第九講 予想貸借対照表|その他項目の扱い
借入金・社債の予想
借入金や社債についても、原則は期中の増減で考えます。
- 期首借入金 + 借入 - 返済 = 期末借入金
現金がカツカツな企業は別として、どれくらい借り入れるかは第三者の視点で推測するのは難しいので、実務上は変動しないと考えることも多いです。
- 期末借入金 = 期首借入金
借入金という比較的重要な項目を横置きすることが多いのは、割引キャッシュフロー法(DCF法)の価値算定結果に影響を与えないからです。

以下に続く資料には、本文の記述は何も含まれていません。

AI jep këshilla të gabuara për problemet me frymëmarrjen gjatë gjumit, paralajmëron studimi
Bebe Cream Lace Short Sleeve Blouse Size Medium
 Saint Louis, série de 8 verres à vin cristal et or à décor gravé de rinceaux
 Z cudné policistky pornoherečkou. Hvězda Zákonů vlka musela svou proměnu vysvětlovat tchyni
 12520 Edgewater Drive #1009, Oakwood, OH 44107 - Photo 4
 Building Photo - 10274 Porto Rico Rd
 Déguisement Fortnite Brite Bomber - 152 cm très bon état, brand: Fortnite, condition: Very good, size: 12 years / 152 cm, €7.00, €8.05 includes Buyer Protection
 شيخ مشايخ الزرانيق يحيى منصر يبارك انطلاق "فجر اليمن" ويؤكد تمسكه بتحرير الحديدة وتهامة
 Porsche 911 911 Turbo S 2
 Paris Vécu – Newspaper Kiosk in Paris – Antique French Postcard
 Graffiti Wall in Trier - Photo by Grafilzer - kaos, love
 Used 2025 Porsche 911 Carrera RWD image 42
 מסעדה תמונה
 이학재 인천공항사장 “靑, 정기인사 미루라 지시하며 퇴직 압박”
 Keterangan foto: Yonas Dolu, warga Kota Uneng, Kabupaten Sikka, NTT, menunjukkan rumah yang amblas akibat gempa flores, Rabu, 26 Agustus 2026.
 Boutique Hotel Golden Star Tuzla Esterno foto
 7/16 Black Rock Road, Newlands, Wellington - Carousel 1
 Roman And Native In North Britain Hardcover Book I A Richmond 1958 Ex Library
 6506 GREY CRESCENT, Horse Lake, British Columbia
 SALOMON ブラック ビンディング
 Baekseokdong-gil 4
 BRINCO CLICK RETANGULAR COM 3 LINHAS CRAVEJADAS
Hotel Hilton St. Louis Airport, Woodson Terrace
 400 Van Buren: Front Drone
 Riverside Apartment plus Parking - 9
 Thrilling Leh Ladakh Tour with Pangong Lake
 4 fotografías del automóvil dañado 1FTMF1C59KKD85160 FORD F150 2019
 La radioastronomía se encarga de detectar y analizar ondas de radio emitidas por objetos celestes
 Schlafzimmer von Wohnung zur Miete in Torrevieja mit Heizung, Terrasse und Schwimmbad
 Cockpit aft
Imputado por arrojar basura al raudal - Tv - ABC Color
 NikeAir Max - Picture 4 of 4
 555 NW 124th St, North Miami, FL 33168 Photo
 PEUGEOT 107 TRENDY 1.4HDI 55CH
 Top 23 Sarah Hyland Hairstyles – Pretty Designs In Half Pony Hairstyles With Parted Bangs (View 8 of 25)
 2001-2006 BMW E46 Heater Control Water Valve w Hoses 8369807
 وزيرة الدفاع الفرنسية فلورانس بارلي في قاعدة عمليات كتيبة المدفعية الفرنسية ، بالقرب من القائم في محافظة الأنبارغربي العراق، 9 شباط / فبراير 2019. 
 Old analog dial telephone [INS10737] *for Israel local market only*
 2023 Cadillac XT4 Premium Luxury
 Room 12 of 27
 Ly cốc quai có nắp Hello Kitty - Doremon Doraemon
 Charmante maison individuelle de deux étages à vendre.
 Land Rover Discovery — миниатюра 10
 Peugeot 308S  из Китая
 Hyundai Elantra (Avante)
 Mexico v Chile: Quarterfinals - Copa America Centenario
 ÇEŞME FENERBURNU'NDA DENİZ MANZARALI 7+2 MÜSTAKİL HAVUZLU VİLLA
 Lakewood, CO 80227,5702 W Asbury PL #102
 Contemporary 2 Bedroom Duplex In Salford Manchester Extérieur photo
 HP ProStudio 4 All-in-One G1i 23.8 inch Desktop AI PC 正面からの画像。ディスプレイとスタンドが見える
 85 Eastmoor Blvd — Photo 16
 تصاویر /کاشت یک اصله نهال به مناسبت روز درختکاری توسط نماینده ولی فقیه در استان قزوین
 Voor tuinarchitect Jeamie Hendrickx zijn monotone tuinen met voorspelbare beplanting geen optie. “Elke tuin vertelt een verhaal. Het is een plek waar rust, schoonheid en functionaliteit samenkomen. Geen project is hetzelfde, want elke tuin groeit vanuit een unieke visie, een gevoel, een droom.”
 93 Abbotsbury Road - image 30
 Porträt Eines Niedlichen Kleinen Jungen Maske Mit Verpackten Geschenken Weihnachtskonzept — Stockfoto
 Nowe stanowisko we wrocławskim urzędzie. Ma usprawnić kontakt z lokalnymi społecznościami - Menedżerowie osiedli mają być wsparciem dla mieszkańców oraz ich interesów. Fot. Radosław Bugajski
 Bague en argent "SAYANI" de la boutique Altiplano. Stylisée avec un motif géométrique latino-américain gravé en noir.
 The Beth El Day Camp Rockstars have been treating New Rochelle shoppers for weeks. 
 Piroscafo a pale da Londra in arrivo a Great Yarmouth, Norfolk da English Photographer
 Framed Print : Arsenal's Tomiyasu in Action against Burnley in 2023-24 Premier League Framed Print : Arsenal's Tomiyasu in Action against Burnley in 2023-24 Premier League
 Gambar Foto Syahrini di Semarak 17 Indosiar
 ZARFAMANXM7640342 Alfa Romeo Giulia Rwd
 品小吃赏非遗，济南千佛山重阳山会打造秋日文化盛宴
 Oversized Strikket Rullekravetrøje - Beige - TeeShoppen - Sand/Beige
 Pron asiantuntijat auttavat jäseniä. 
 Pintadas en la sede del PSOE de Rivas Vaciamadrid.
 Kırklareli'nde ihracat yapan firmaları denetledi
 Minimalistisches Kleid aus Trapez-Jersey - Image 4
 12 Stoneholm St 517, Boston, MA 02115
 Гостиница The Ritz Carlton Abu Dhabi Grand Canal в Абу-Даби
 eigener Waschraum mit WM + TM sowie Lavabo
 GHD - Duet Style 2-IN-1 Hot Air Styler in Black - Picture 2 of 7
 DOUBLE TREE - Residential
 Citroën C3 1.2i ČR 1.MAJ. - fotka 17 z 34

この点については今後の講義で解説するので、現時点で理解しておく必要はありません。
予想しないことに対して不安がある方は、DCF法で必要にならないからだと理解しておいていただければ十分でしょう。
利益剰余金の予想
利益剰余金は期中の増減で考えます。
原則論ではなく、まず間違いなくそうします。
- 期首利益剰余金 + 純利益 - 配当 = 期末利益剰余金
利益剰余金の期中の増減で考えるのは、そうしないとキャッシュフロー計算がうまく行えないからです。
配当は、純利益に連動すると考えるのが自然です。
純利益に対する配当金の割合を配当性向といいます。
- 配当 = 純利益 × 配当性向
資本金・資本剰余金
資本金や資本剰余金は、変化しないと考えるのが一般的です。
増資が決まっている場合などは扱いが難しいですが、将来の増資を仮定してモデルを組むことまずありません。
その他の資産・負債
その他の項目については、売上高に連動させるか変化しないと仮定することが多いです。
もちろん、金額が大きく重要だと思われる項目については、切り出して予想するのが良いでしょう。
- 期末その他流動資産 = 売上高 × 売上高に対する割合
- 期末その他流動資産 = 期首その他流動資産
その他の項目は雑多な資産や負債の合計値ですから、どう予想すべきか自体が明確ではありません。
もし売上高に連動させるのであれば、資産も負債も連動させるのが自然でしょう。
一方で、もし売上高に連動させないのであれば、資産も負債も連動させないのが自然でしょう。
どちらかに統一されていれば問題はないと思います。